··· Records to process

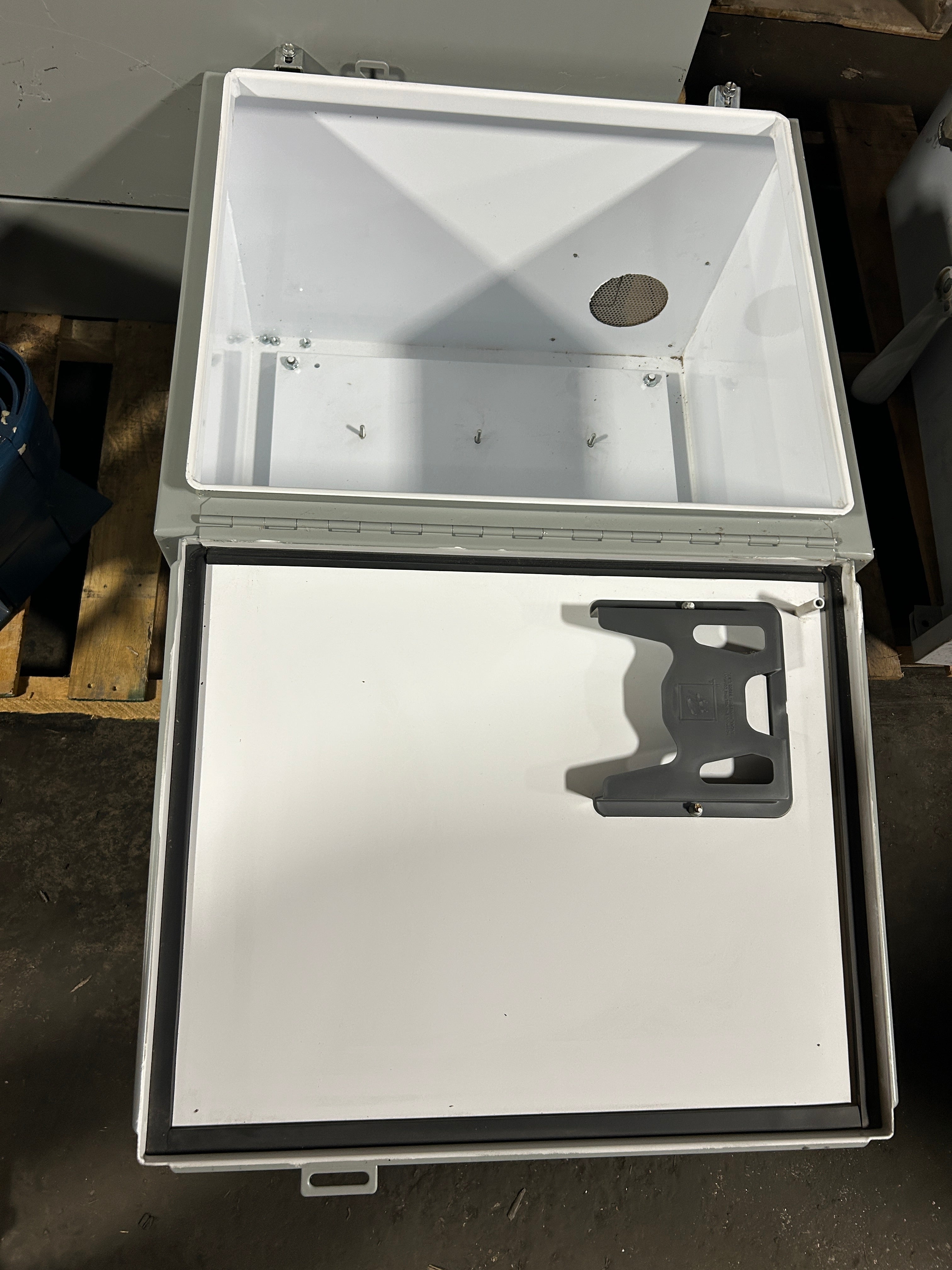 Hoffman A242016LP Electrical Enclosure A-1990 Type 12, 13 Rev A w/ Kit 87557699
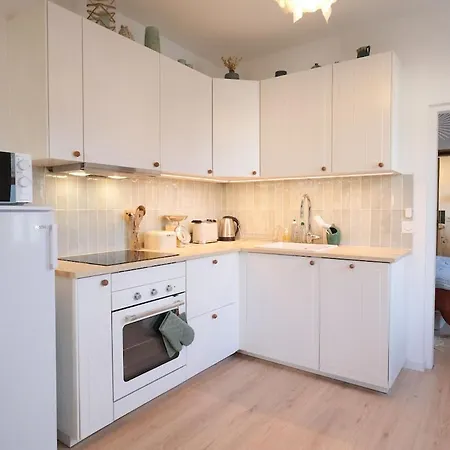 Maisonnette Renovee, Parking, Centre Et Gare 700m Semesterbostad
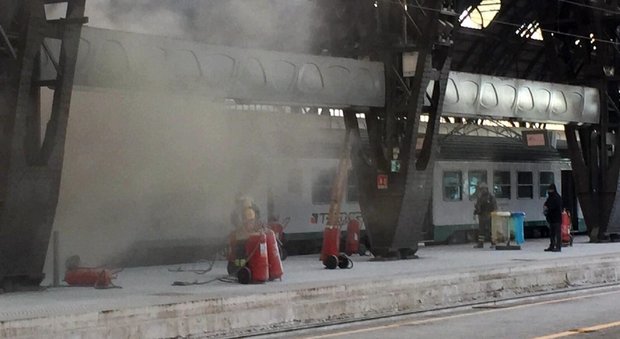 Milano, treno in fiamme: bruciano i vagoni e la stazione viene invasa dal fumo
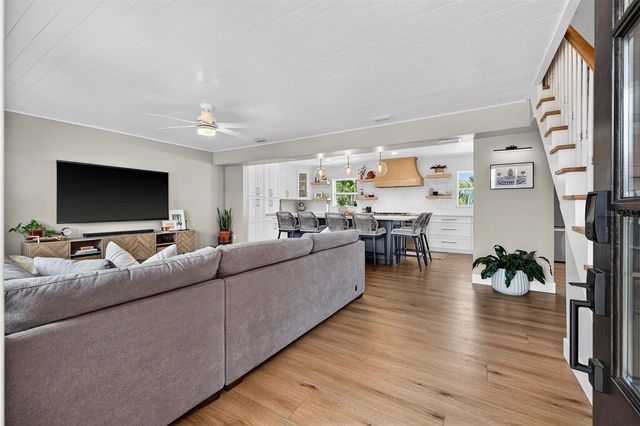 4626 BAY CREST DRIVE, Tampa, FL 33615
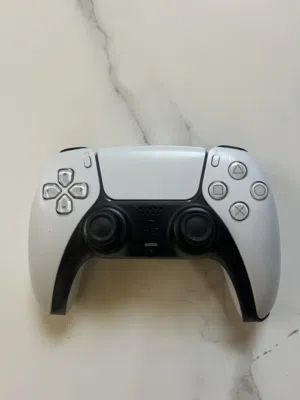يد بلايستيشن 5 للبيع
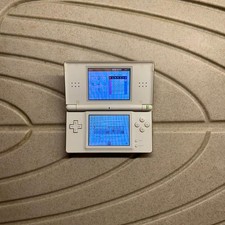 nintendo ds lite,perfettamente funzionante,nessun tipo di problema,legge tutto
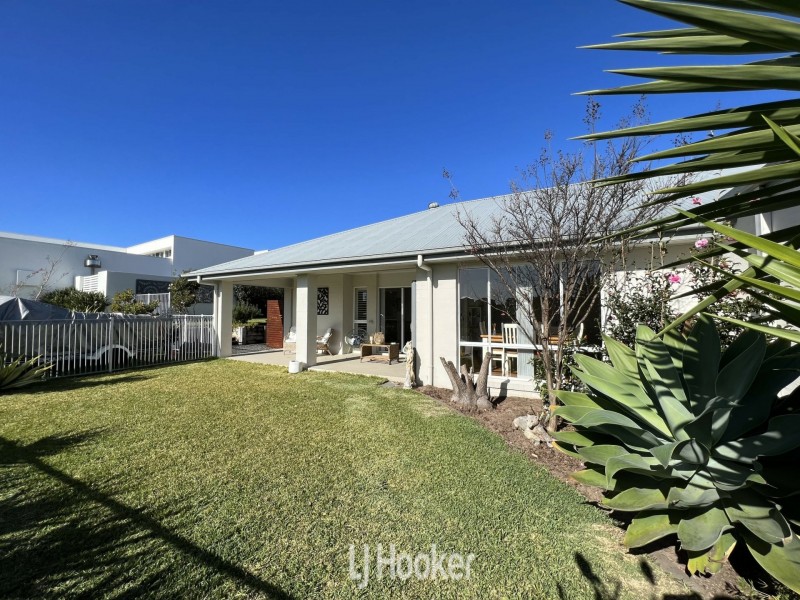 1 Lake View Way, Tallwoods Village NSW 2430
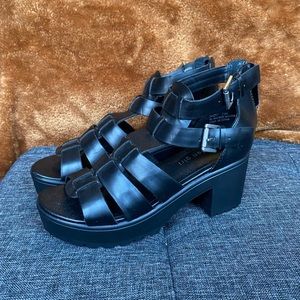 Madden girl chunky black heels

······

Please retype exactly the lines from the one containing "4626 BAY CREST DRIVE, Tampa, FL 33615" to the last line of the records above, both included, without any pictures.

 4626 BAY CREST DRIVE, Tampa, FL 33615
يد بلايستيشن 5 للبيع
 nintendo ds lite,perfettamente funzionante,nessun tipo di problema,legge tutto
 1 Lake View Way, Tallwoods Village NSW 2430
 Madden girl chunky black heels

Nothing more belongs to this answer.